Ring Shaped Parts.
For the demagnetization of ring-shaped parts an effective method is to pass a central conductor through the ring. The
central conductor is energized with AC, and the current caused to decay to zero by means of either a step-down switch
or a stepless current control. The latter method of decay can be much more rapid (down to a few seconds) than the
step-down switch. This method can also be used with reversing, decaying or step-down DC as well.
Long parts, such as rods, bars, and tubes may retain an objectionable amount of residual magnetism from the earth's
magnetic field. As the earth's field extends from the north to the south pole, it is desirable to demagnetize these types
of parts by withdrawing from an AC coil in an east-and-west direction. This will minimize the effect of the earth's field
on the residual magnetism in the parts.
Frequently, large structures such as engine mounts may require demagnetization and demagnetizing coils of suitable
size may not be available. In such case each individual extension from the structure, such as the legs of a mount,
should be placed within the coil as close to the wall as possible and withdrawn. The structure should then be reversed.

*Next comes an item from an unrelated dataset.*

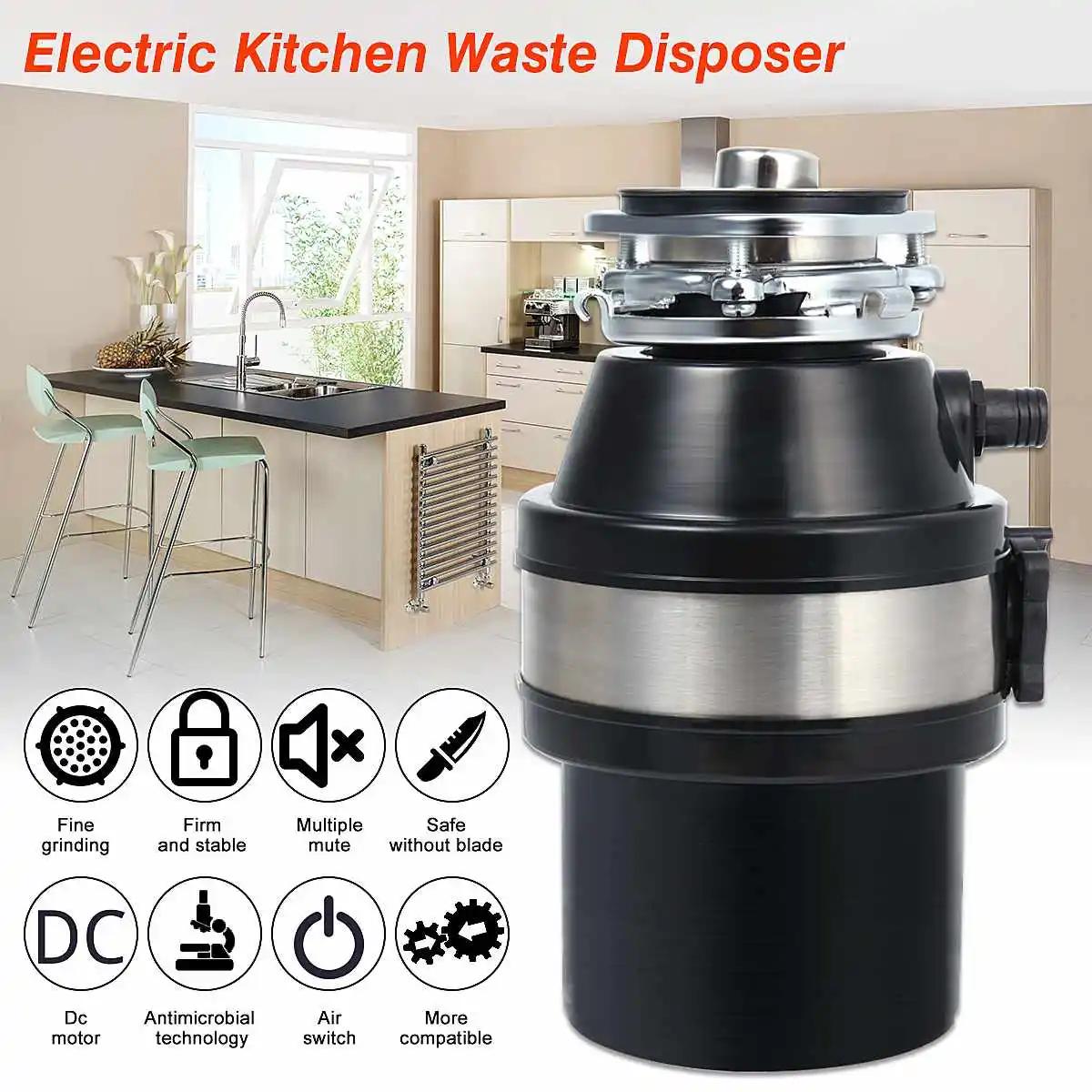 

370W 220V Waste Disposer Food Garbage Disposal Garbage Disposal With Power Cord US Plug Stainless Steel Grinder Air Switch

The other end is then brought close to the face of the coil and rotated, so that all parts of the structure are passed across
the open face of the coil. The entire structure is finally withdrawn four to five feet from the coil before it is shut off. In
handling such tubular structures, it is important that they be moved to and from the coil in an east-and-west direction.
Removal of Longitudinal and Circular Fields.
In considering the problem of demagnetization, it is important to remember that a part may retain a strong residual
field after having been circularly magnetized, and yet exhibit little or no external evidence of such a condition. Such a
field is difficult to remove, and there is no easy way to check the success of demagnetization. There may be local poles
on a circularly magnetized piece at projecting irregularities or changes or sections, and these can be checked with a
field indicator. However, to demagnetize a circularly magnetized part, it is often better to first convert the circular field
to a longitudinal field. The longitudinal field does possess external poles, is more easily removed, and the extent of
removal can be easily checked with a field indicator.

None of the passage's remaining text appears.